Deliverance Is from God; The Righteous King (Isaiah 31-32) April 27
Chapter 31 restates much of the theme of chapter 30: The people were looking to Egypt for help instead of looking to God. And ultimately Assyria would fall, but not because of Egypt. This was true of the destruction that came upon Sennacherib's army in Isaiah's day. And it will also be true of what happens at the return of Jesus Christ—when He destroys the armies of the nations, including Assyria, that come against Him.
Indeed, this is all primarily an end-time prophecy, since chapter 32 carries right on from God's victory. The king who would reign in righteousness was not a reference to Hezekiah, who already sat on the throne of Judah. Rather, this speaks of the reign of the Messiah. Verses 5-8 describe how, under His righteous rule, there will be no more labeling of right as wrong and wrong as right. Everything will be seen for what it truly is. Evil will be decried and judged, and good will at last be exalted.
Verse 10 says, "In a year and some days..." The King James Version has "many days and years." The literal wording is "days upon a year" (Jamieson, Fausset & Brown's Commentary, note on verse 10).
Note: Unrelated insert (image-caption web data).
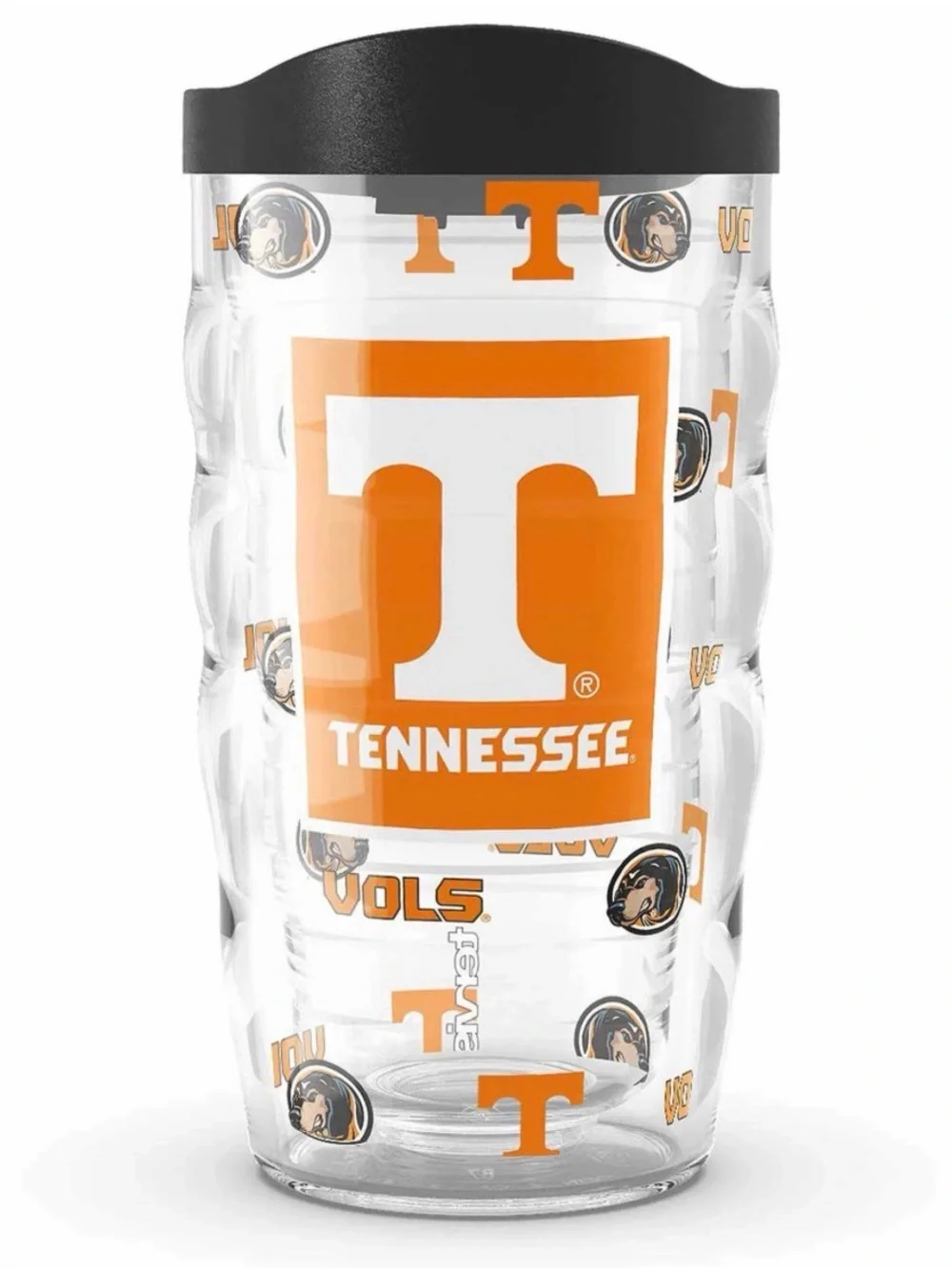 Tervis Tennessee Vols Smokey 16oz Tumbler 🧡🏈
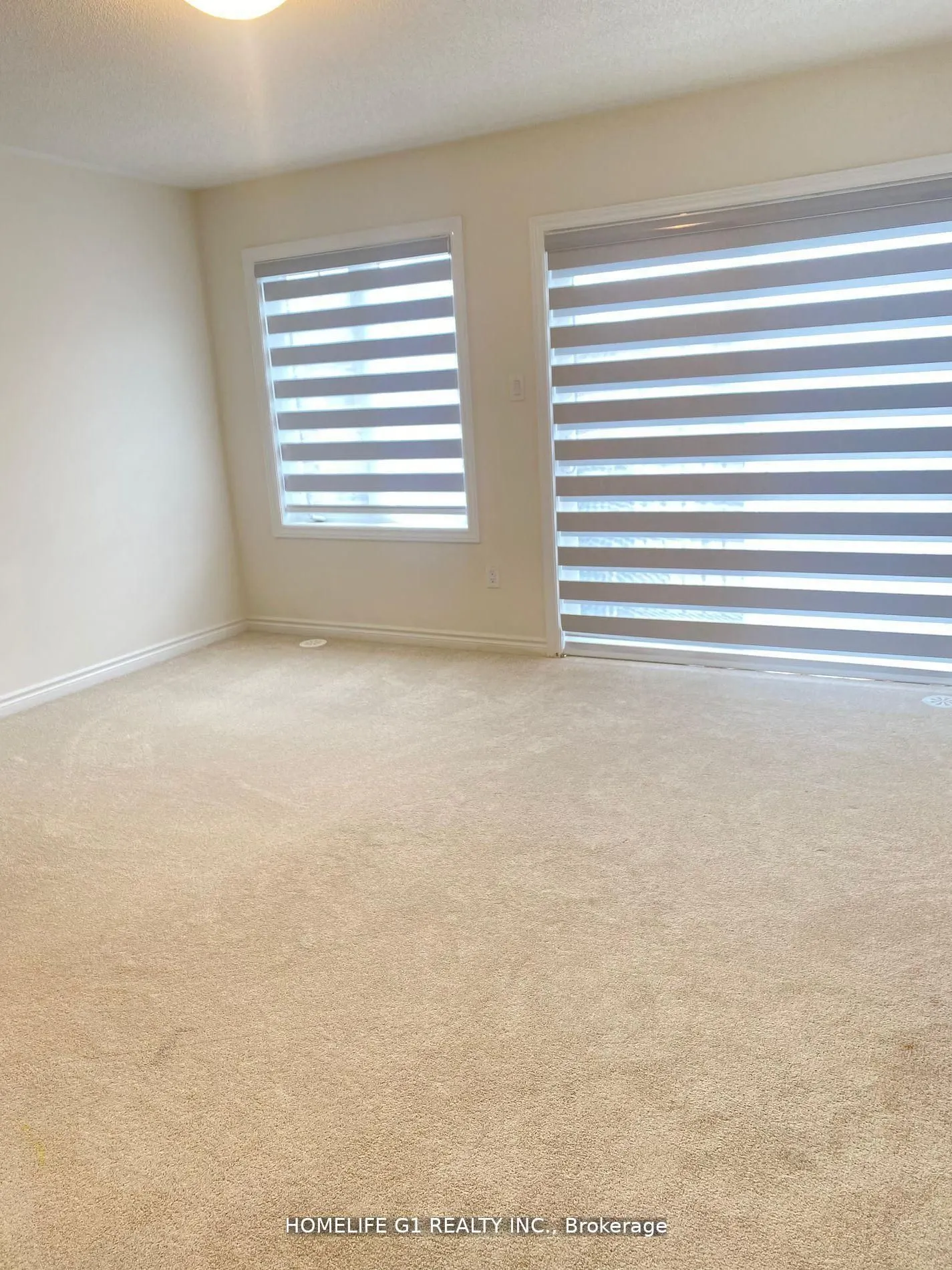 11 Ledger Point Crescent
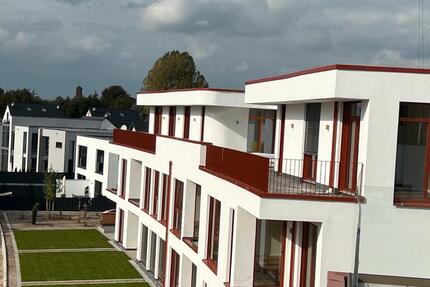 Wohnung Paderborn - 2 Zimmer, 70 m&sup2;, 850&euro; | Angebot:26459590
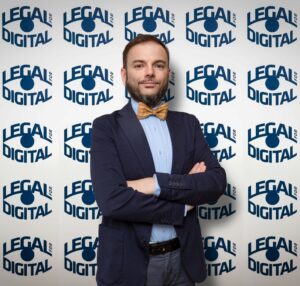 Alessandro Vercellotti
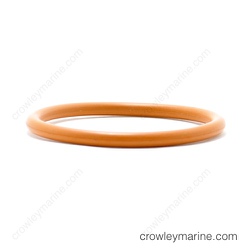Imported image for 26855-26855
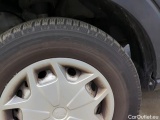  Ford  Transit  Kasten 350 L2 Trend 2.0 TDCi 96KW MT6 E6dT #15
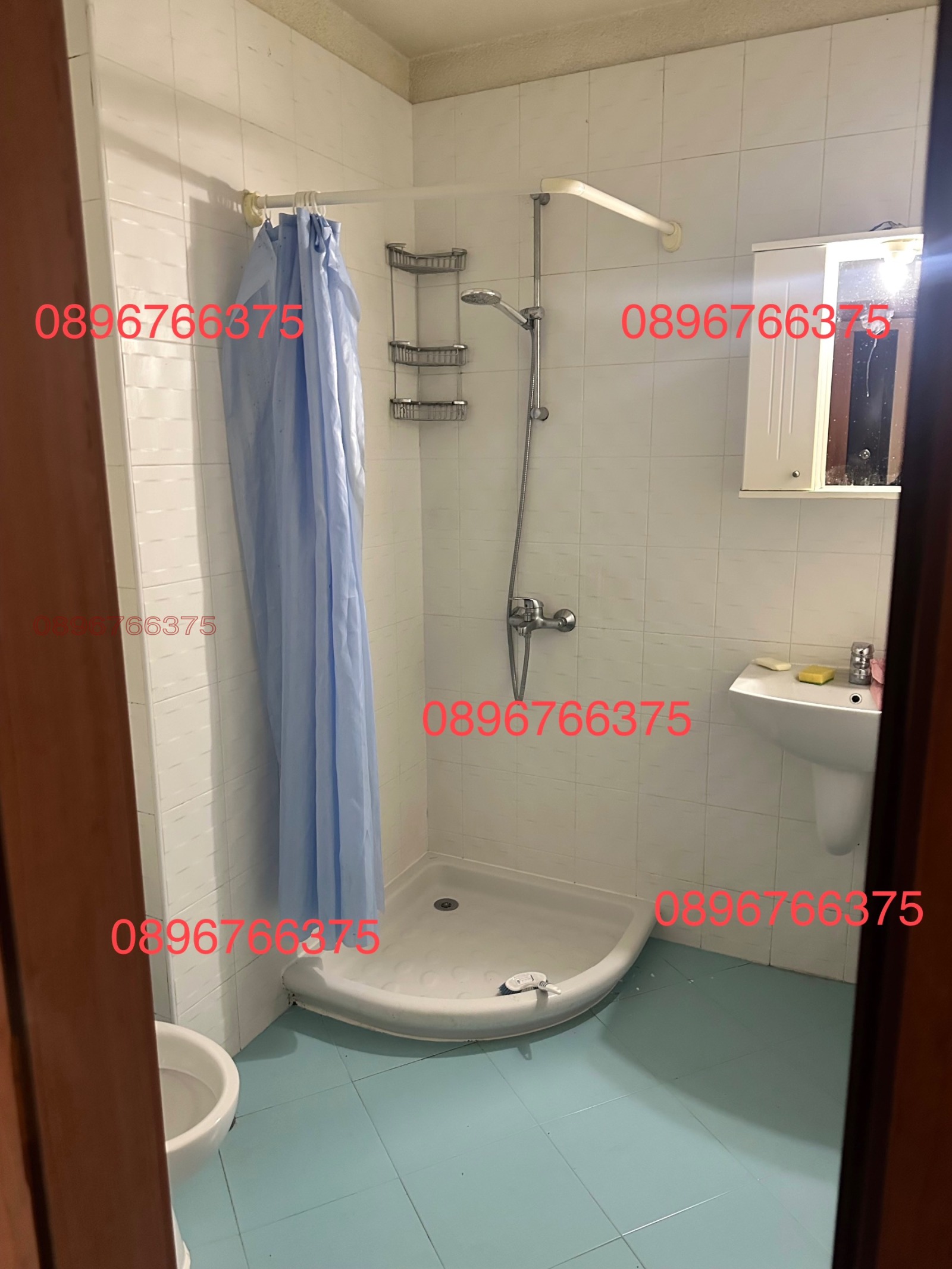 Продава 1-СТАЕН, гр. София, Манастирски ливади, снимка 4 - Апартаменти - 54219621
If it really does mean a year and some days, this was perhaps a reference by Isaiah to the coming destruction of Sennacherib in 701 B.C. The women and daughters of verses 9-11 are possibly understood to mean "the cities and villages of Judea" (note on verses 9-20). Many of them will be ravaged and destroyed. Jerusalem will not be: "Not Jerusalem itself, but other cities destroyed by Sennacherib in his march... However, the prophecy, in its full accomplishment, refers to the utter desolation of Judea and its capital [Jerusalem] by Rome [soon after Christ's first coming], and subsequently [by the end-time resurrection of Rome—the final Assyria and Babylon], previous to the second coming of the King (Ps. 118:26; Luke 13:35; 19:38); 'the joyous city' is in this view, Jerusalem" (note on verse 13).
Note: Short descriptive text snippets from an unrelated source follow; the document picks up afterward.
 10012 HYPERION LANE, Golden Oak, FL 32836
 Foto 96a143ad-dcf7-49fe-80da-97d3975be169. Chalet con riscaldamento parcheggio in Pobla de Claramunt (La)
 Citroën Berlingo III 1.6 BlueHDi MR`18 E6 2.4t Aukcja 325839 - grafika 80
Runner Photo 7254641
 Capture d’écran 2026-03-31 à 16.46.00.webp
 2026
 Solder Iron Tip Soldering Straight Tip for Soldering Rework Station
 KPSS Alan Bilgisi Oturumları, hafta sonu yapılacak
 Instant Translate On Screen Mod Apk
But the days of trouble will not last forever. On the day of Pentecost, when the Holy Spirit was given to the apostles, Peter cited the book of Joel to explain what was occurring (Acts 2:16-21; Joel 2:28-32). Of course, prophecies of God pouring out His Spirit were not limited to Joel. Isaiah 32:15, for instance, also describes this outpouring—though, as with Joel, its ultimate fulfillment is yet to occur, when God's Spirit is available to all mankind (see also Isaiah 44:3; Proverbs 1:23; Ezekiel 39:29; Zechariah 12:10).
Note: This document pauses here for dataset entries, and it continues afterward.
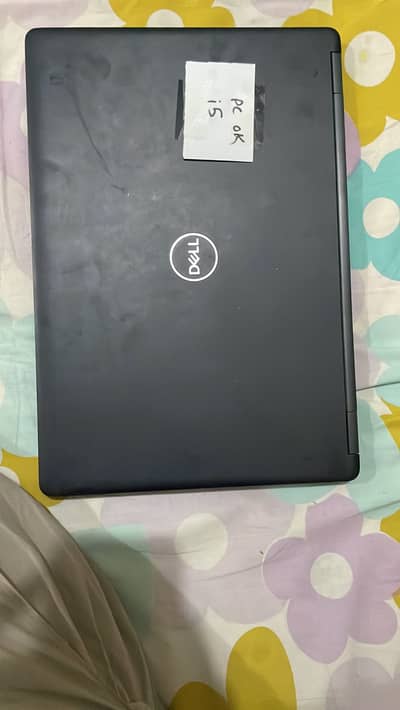 For sale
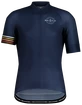 Heren fietsshirt Maloja  KratzdistelM. 1/2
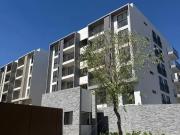 Departamento en renta en Jardines del Nilo, Guadalajara,...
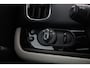 MINI Countryman 2.0 Cooper S Chili | GK44429 |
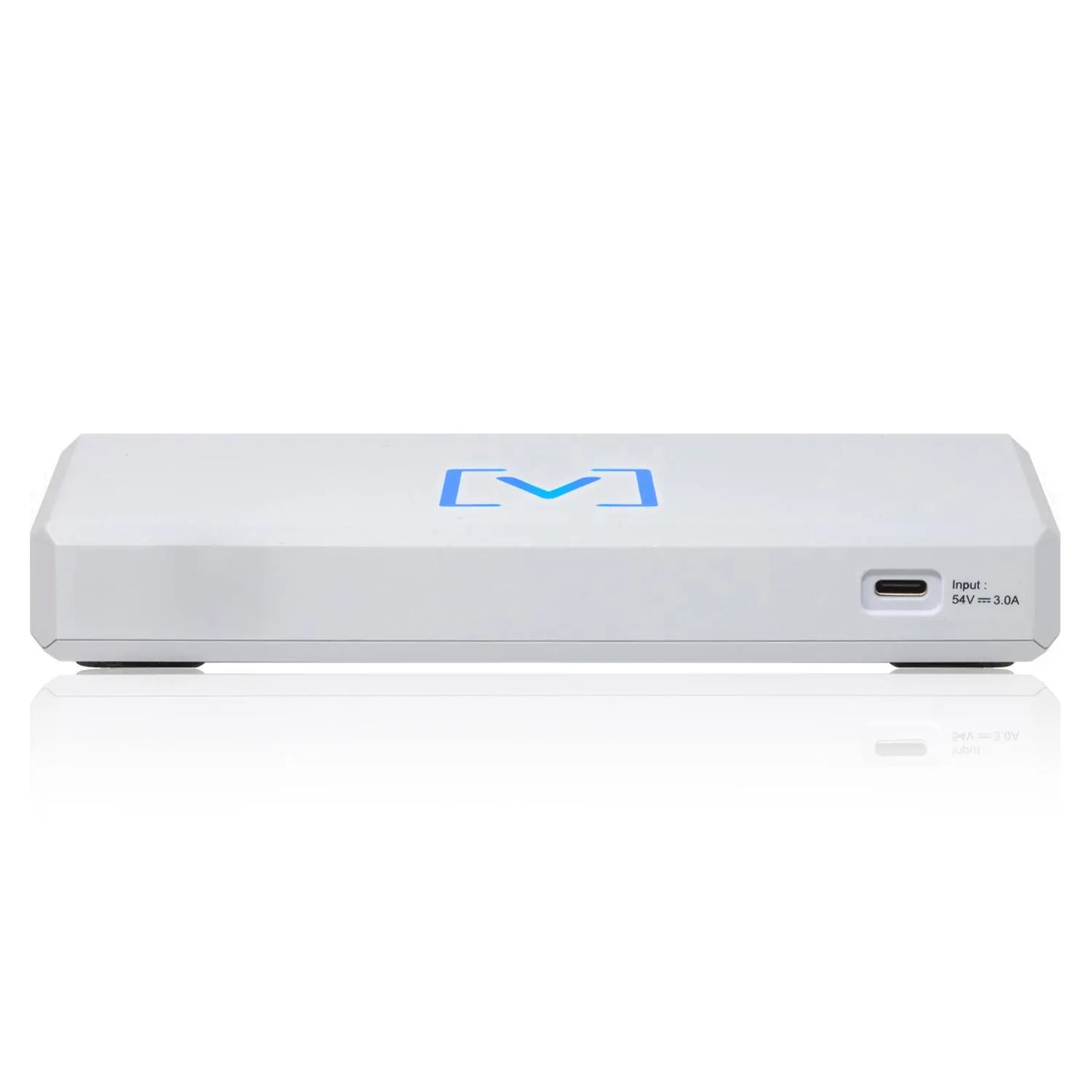 Alta labs Local Network Controller - Network - Accessories - Image 2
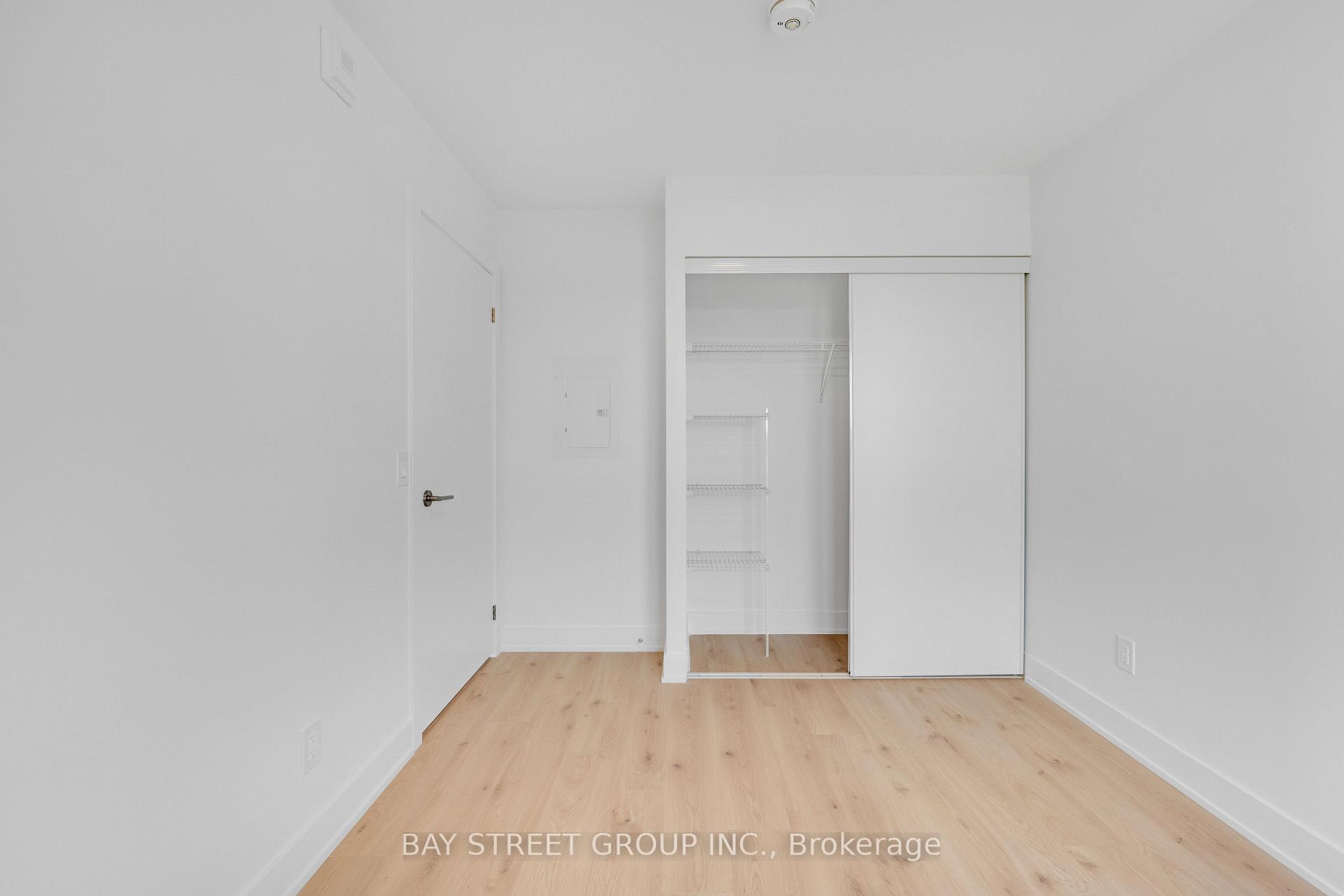 Photo 18 of Unit 503, 3008 William Cutmore Boulevard, Oakville, Joshua Meadows — HOMEH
It is this outpouring of God's Spirit, in concert with the direct rule of Jesus Christ, that will at last bring peace to the world. For God's Spirit (Isaiah 32:15) enables righteousness (verse 16)—the keeping of God's commandments (Psalm 119:172). And the keeping of God's commandments results in peace (Isaiah 32:17)—which Jesus Himself will maintain throughout His rule (verse 18).